Choose Wim Hof if global brand recognition and a known method matter most for your marketing. Choose Restorative Breathing if you want a deeper, more progressive coaching curriculum and the brand recognition gap does not block your plans.
Who This Is For
- Healthcare professionals - Doctors, therapists, and other clinicians who want a research-grounded breathing modality to add to an existing practice rather than a brand-new career.
- German-speaking coaches - In the DACH market this is one of the strongest options, with the community, podcast, and app all working in your favor.
- Performance-minded practitioners - The freediving and apnea roots give it a breath-control and performance edge most spiritual programs lack.
- Early adopters - English speakers who want into an established brand before its international rollout matures, and who do not mind being ahead of the curriculum.
Who Should Pass
- English-only learners who want it ready now - The course, community, and support are German-first today. If you need a finished English program, wait or look elsewhere.
- Buyers who want one fixed price - The module-by-module pricing makes the full all-in cost hard to know upfront. If you want a single tuition figure, this is not it.

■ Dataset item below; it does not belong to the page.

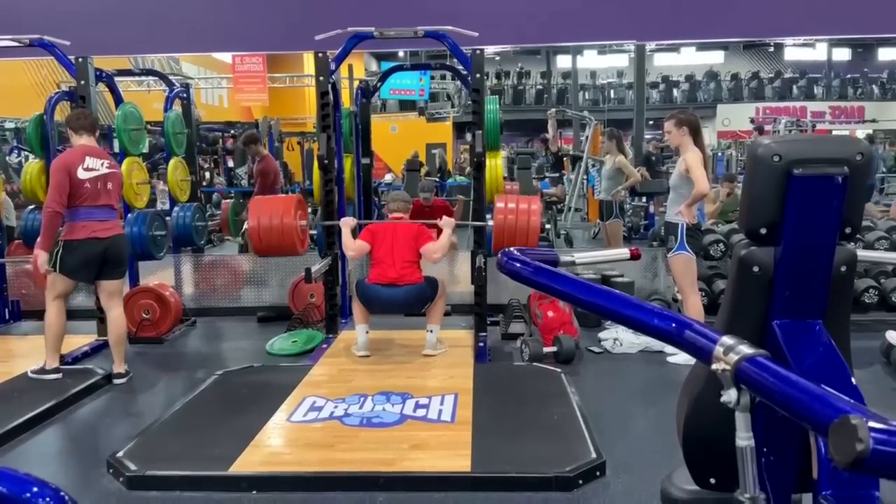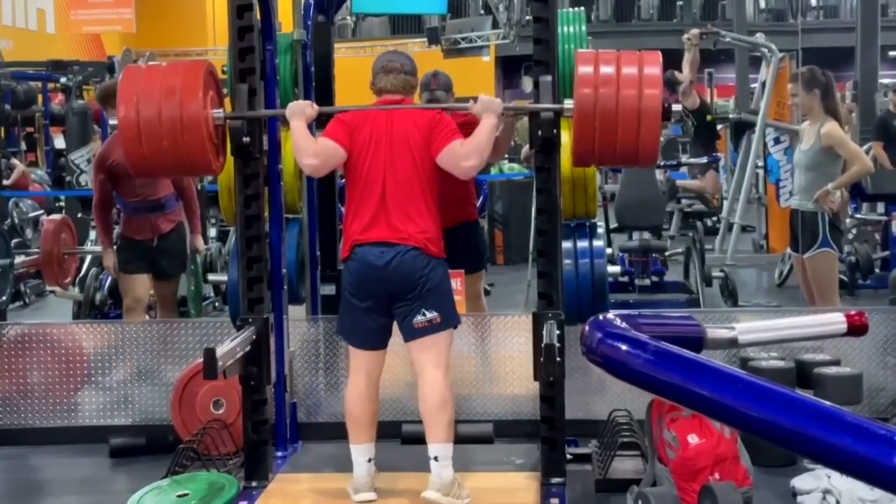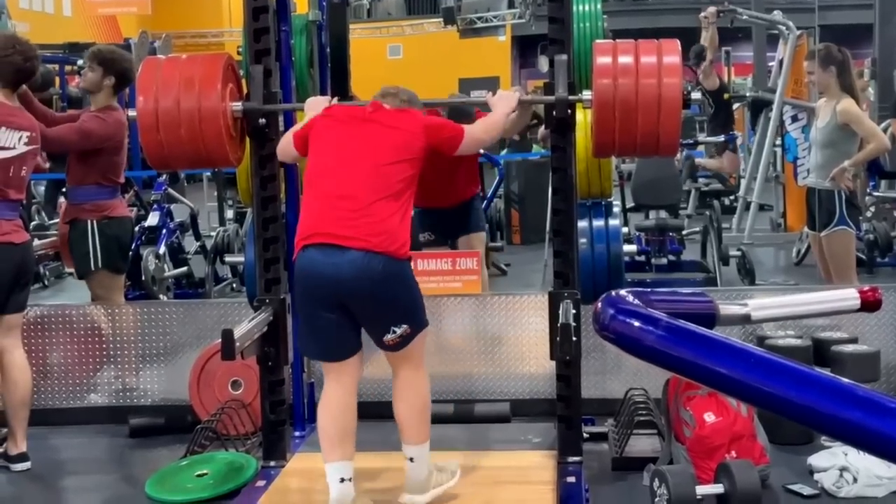You can't even fit another plate on this bar. Look at this guy — you would think he's lifting the world record in the squat. And once again, it's for the mentality of the person lifting.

- Single-tradition specialists - If you want to go deep into one lineage rather than a blended method, a focused certification will serve you better.
Final Verdict
Restorative Breathing is a serious, established program with credentials most breathwork brands cannot match: a qualified founder, a published bestseller, a 500-hour pathway, and a method thorough enough to draw doctors and healthcare professionals. That scientific grounding is its real strength, and it is why it works so well as an added modality for people who already have a practice. As a sole route to a full-time breathwork income it is a weaker fit, which is worth being clear-eyed about.
The other catch is timing and language. For the English-speaking, international audience this site is written for, the program is mid-expansion. The method is sound and the assets are real, but the English curriculum, community, and support are still being built. If you speak German, this is an easy program to recommend looking into. If you only speak English, watch the rollout, ask current coaches what they actually got, and go in knowing you are early.
Bottom line: A scientifically grounded program that healthcare professionals rate highly, best used as an added modality rather than a sole career, and still early in its English rollout.